Here is my simple SSIS process built to load a dimension table (Locations). Location table contains a parent/child structure based on Nested sets (LEFT,RIGHT, LEVEL fields). So, Insert process works as well as update process.
However, I need to fill a calculated column (PARENT_ID) in order to store the parent relationship. So, for each row I need to use (LEFT, RIGHT and LEVEL columns) in a SQL statement to find the PARENT_ID value).
This is table structure of the source table :
So what is the best way to populate my parent_id column during loading process ? Should I build a dedicated data flow to this process ?
Can I use a SQL statement in a Derived column component to find the parent_id value ?

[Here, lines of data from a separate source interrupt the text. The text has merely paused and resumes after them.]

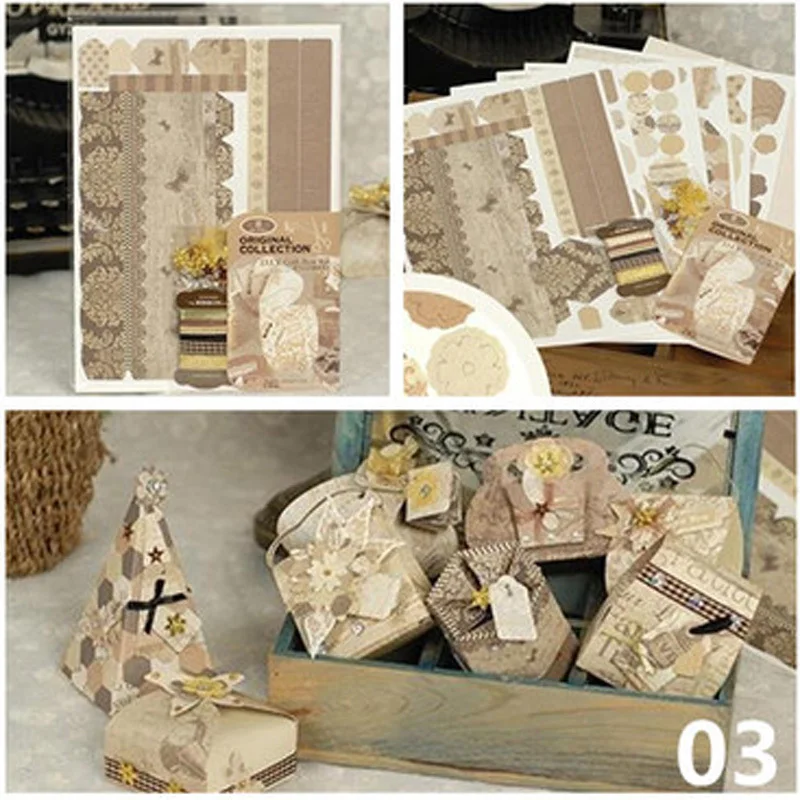 DIY Paper Party Gift Box Kit Vintage Candy Gift Box Wedding/Birthday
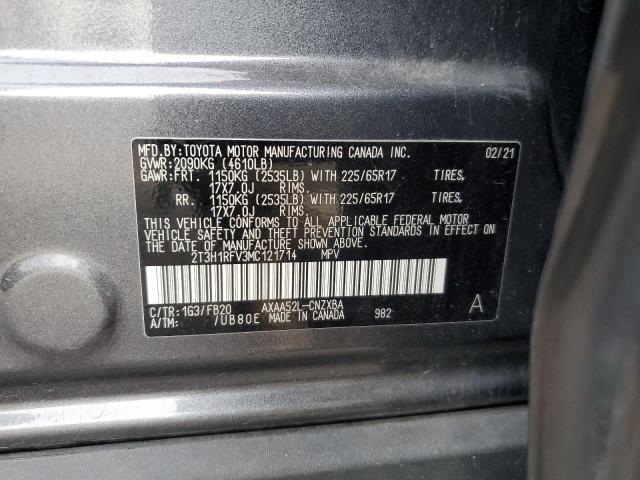 2T3H1RFV3MC121714 - 2021 TOYOTA RAV4 LE CHARCOAL photo 13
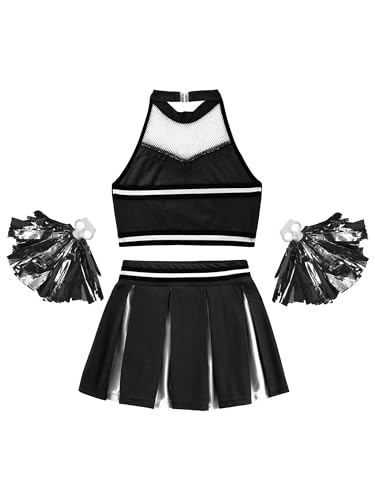 Moily Girls Classic Cheerleading Team Uniform Mesh Splice Crop Top with Pleated Boxer Skirts Rooter Stage Suit4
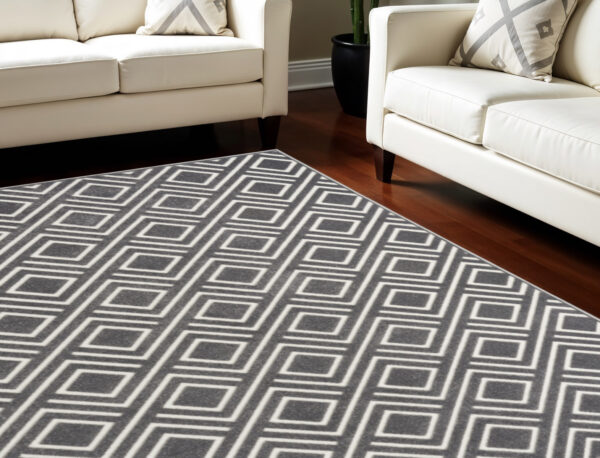9' X 12' Gray Geometric Area Rug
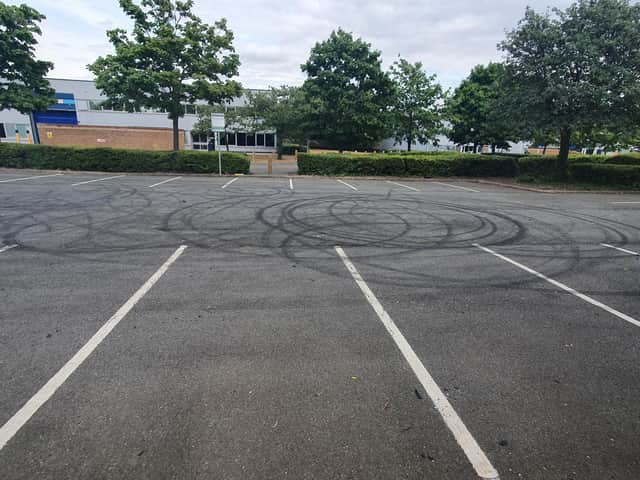 Tyre marks left in the car park at Stapledon Road, Orton Southgate.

EDIT : Here is my SQL query to update my parent/child structure (parent_id field).
UPDATE
L1
SET L1.[PARENT_ID] = (
SELECT TOP 1 L2.ID
FROM [DW].[DimLocation] L2
WHERE L2.[TREE_LEFT_VALUE] < L1.[TREE_LEFT_VALUE] AND L2.[TREE_RIGHT_VALUE] > L1.[TREE_RIGHT_VALUE]
ORDER BY L2.[TREE_RIGHT_VALUE]-L1.[TREE_RIGHT_VALUE] ASC)

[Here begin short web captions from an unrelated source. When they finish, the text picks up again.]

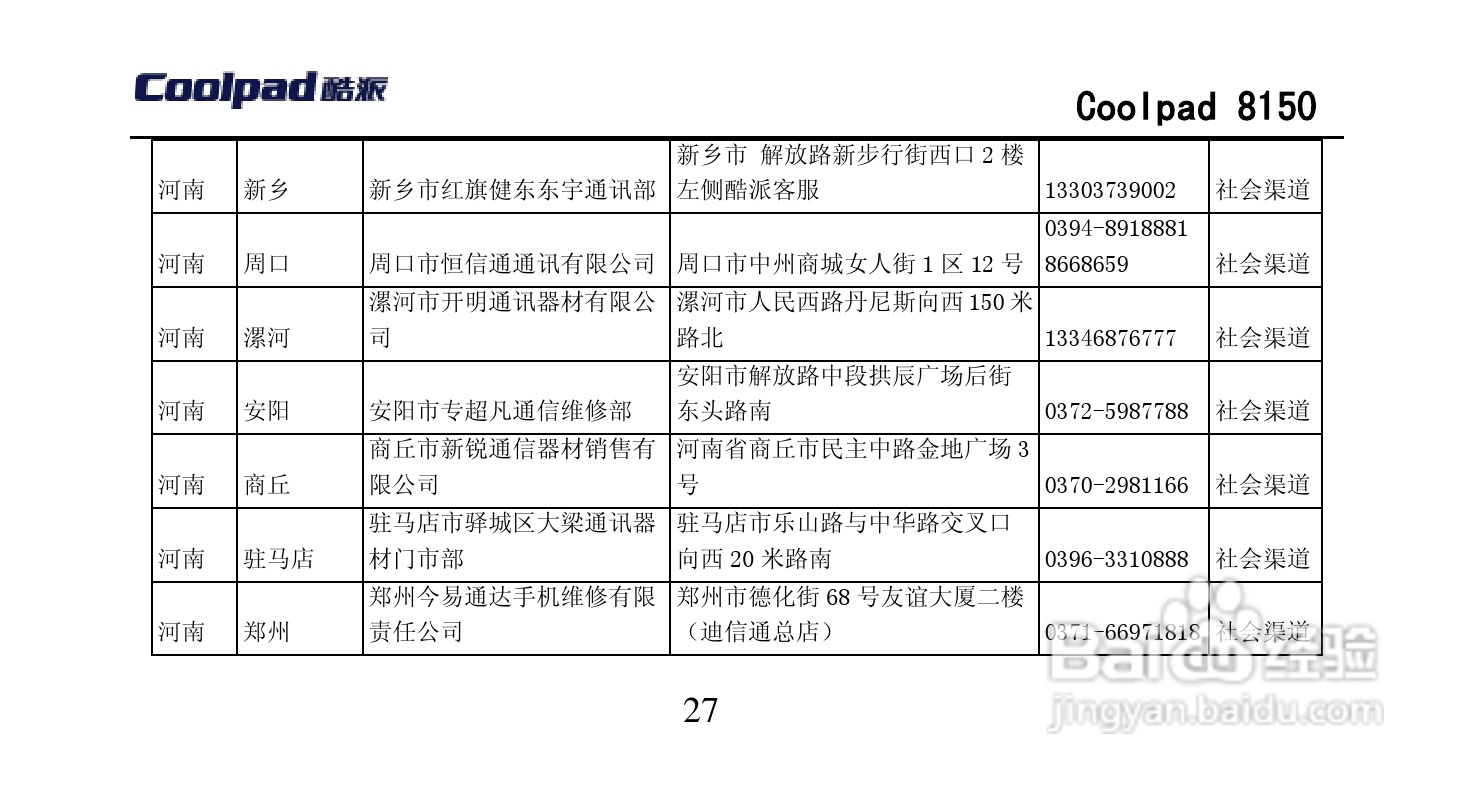 酷派 Coolpad 8150手机说明书:[8]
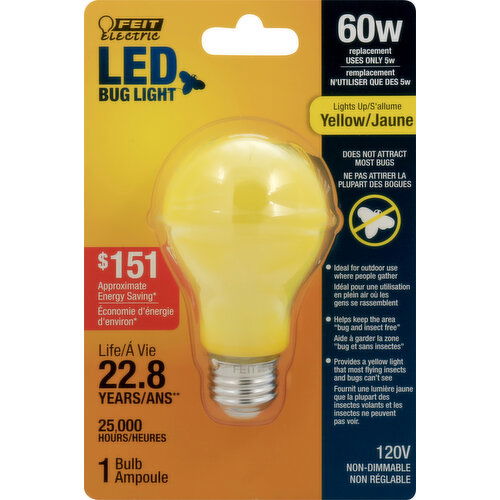 Feit Electric Light Bulb, LED, Yellow, 5 Watts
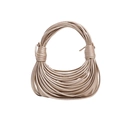 Champagne gold knotted woven crossbody bag with artistic intertwined leather straps - Gold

FROM [DW].[DimLocation] L1
WHERE [TREE_LEFT_VALUE] > 1
EDIT 2: Here is a diagram to represent a Nested Set structure and how to represent it in a database.
So, each node contains TREE_LEFT_VALUE
and TREE_RIGHT_VALUE
values that respectively bound their childs TREE_LEFT_VALUE
/TREE_RIGHT_VALUE
values.
It's made to find in a simple query all children of a specified node. For example if I want all children of the "ROOT 1" node, i need to query all nodes where TREE_LEFT_VALUE
is more than 2 and TREE_RIGHT_VALUE
less than 5.
Because I need to use parent_id structure in my datawarehouse (SSAS project to build an OLAP cube), I need to update a PARENT_ID field by adding the parent node ID. So, I need to query the parent node ID by using TREE_LEFT_VALUE
and TREE_RIGHT_VALUE
fields then to use the result in a update statement.

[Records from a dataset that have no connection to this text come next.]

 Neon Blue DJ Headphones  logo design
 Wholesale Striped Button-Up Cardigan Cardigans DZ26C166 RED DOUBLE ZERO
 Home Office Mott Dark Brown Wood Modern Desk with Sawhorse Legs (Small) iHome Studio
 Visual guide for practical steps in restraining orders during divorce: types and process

It works fine, but is there a more efficient way to do that ?
Thanks,
If the column is nullable, I would update it with a SQL task after your data flow. This will insure that all possible parent rows are inserted before you try to find the parentid - also, it will keep the process set based, rather than trying to do it with a lookup in a dataflow task.